**What the exercise asks**
Only the lines below from the one containing "Thể thức và" through the one containing "Trade Gothic LT Bold Condensed No字体转换" belong in the answer, repeated exactly and without pictures.
===== Information shown
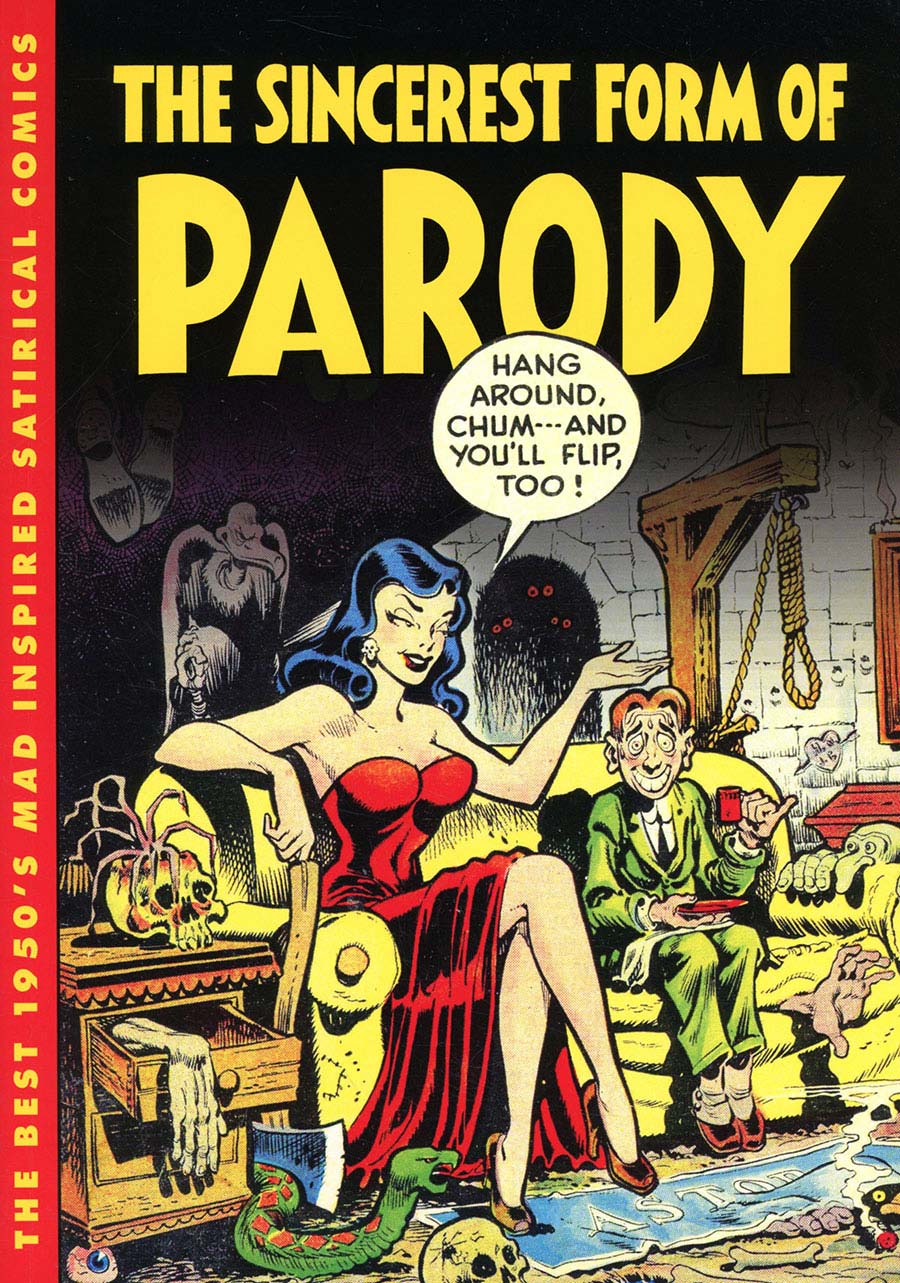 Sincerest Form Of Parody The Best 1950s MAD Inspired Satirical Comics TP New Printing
==========
===== Information shown
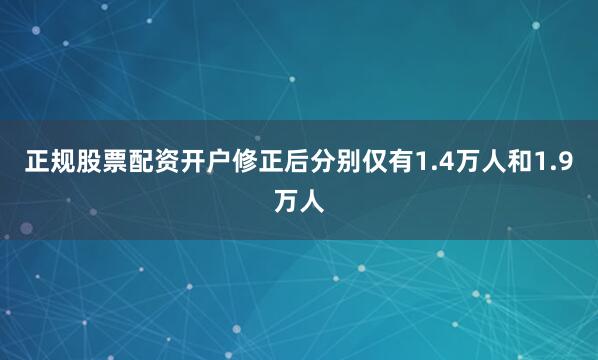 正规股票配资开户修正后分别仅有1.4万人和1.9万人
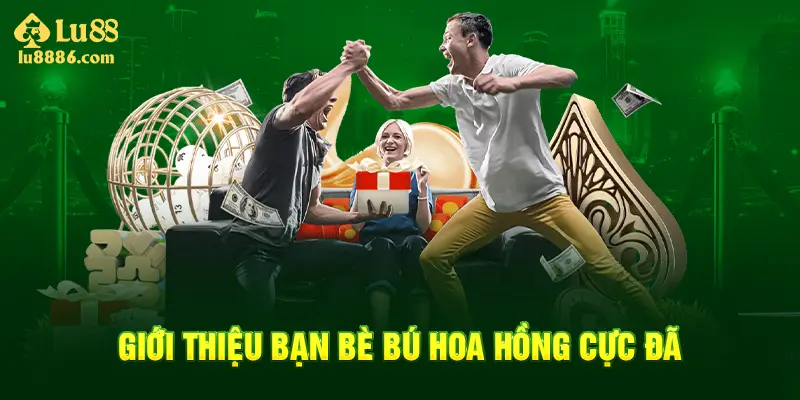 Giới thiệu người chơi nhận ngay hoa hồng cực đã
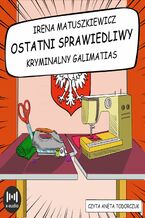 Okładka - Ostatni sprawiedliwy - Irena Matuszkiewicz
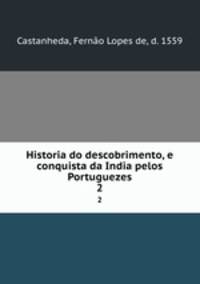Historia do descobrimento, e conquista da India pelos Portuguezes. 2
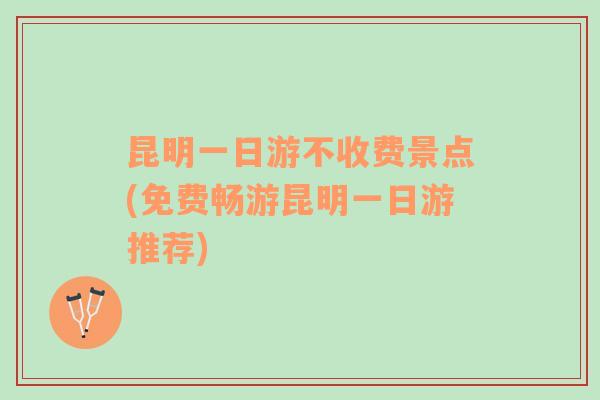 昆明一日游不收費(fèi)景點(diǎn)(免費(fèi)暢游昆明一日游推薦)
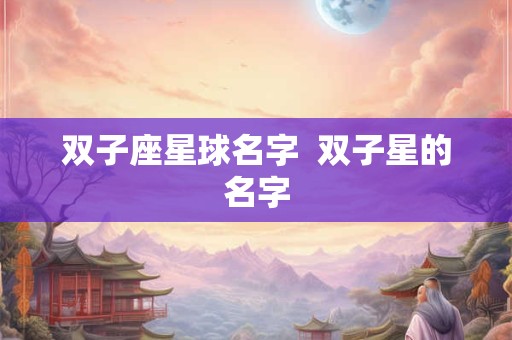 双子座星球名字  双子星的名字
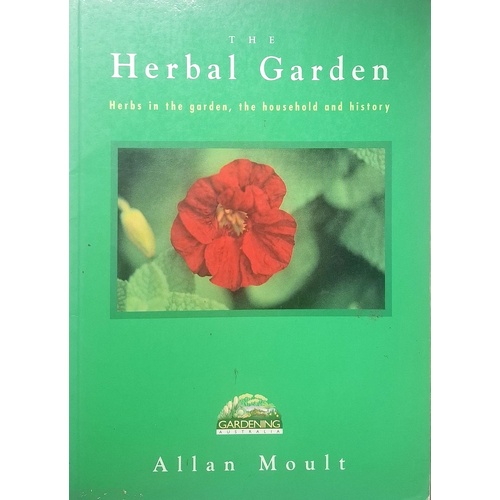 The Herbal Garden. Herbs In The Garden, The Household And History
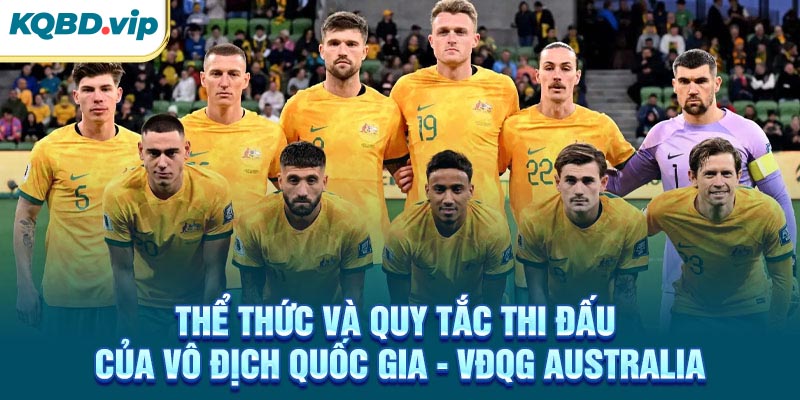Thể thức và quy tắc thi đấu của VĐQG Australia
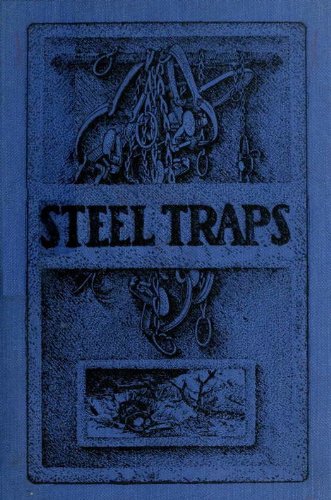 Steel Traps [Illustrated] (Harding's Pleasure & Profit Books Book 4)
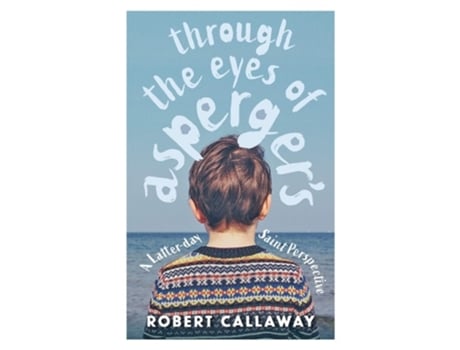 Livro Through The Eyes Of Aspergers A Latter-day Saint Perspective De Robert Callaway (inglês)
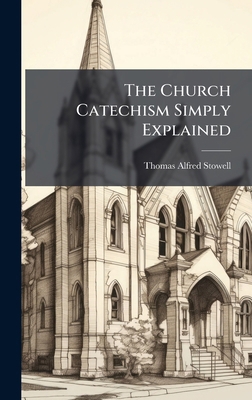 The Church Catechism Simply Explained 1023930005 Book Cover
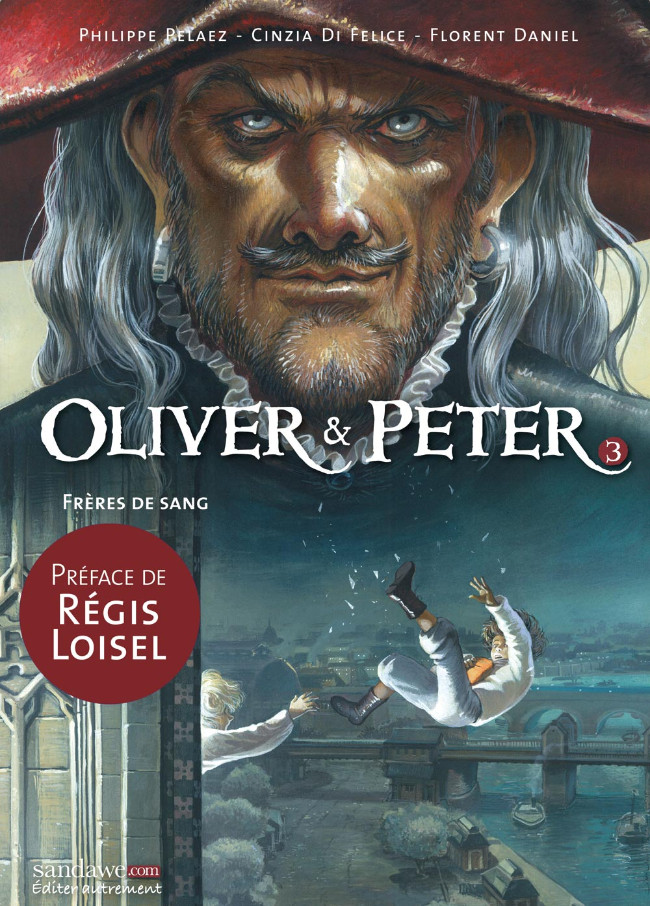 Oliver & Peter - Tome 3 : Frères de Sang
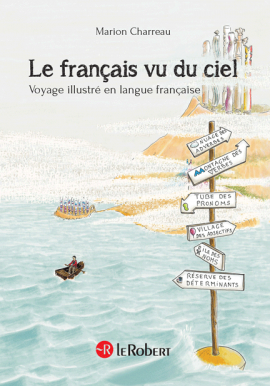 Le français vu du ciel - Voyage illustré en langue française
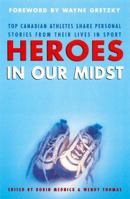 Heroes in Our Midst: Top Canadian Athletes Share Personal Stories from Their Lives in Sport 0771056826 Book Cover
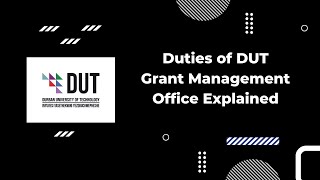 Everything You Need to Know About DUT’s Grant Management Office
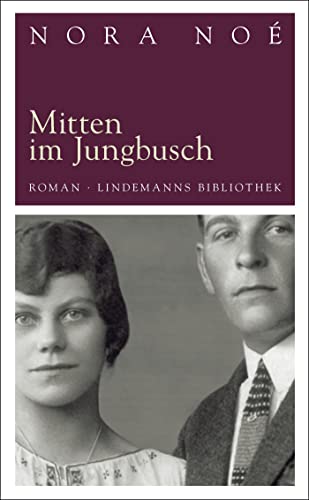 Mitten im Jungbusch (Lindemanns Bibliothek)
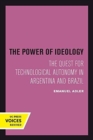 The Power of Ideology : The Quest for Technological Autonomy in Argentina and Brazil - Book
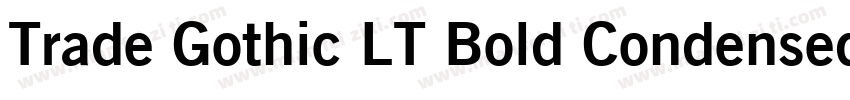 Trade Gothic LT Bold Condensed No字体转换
==========
**Response to this task**
Thể thức và quy tắc thi đấu của VĐQG Australia
 Steel Traps [Illustrated] (Harding's Pleasure & Profit Books Book 4)
 Livro Through The Eyes Of Aspergers A Latter-day Saint Perspective De Robert Callaway (inglês)
 The Church Catechism Simply Explained 1023930005 Book Cover
 Oliver & Peter - Tome 3 : Frères de Sang
 Le français vu du ciel - Voyage illustré en langue française
 Heroes in Our Midst: Top Canadian Athletes Share Personal Stories from Their Lives in Sport 0771056826 Book Cover
 Everything You Need to Know About DUT’s Grant Management Office
 Mitten im Jungbusch (Lindemanns Bibliothek)
 The Power of Ideology : The Quest for Technological Autonomy in Argentina and Brazil - Book
 Trade Gothic LT Bold Condensed No字体转换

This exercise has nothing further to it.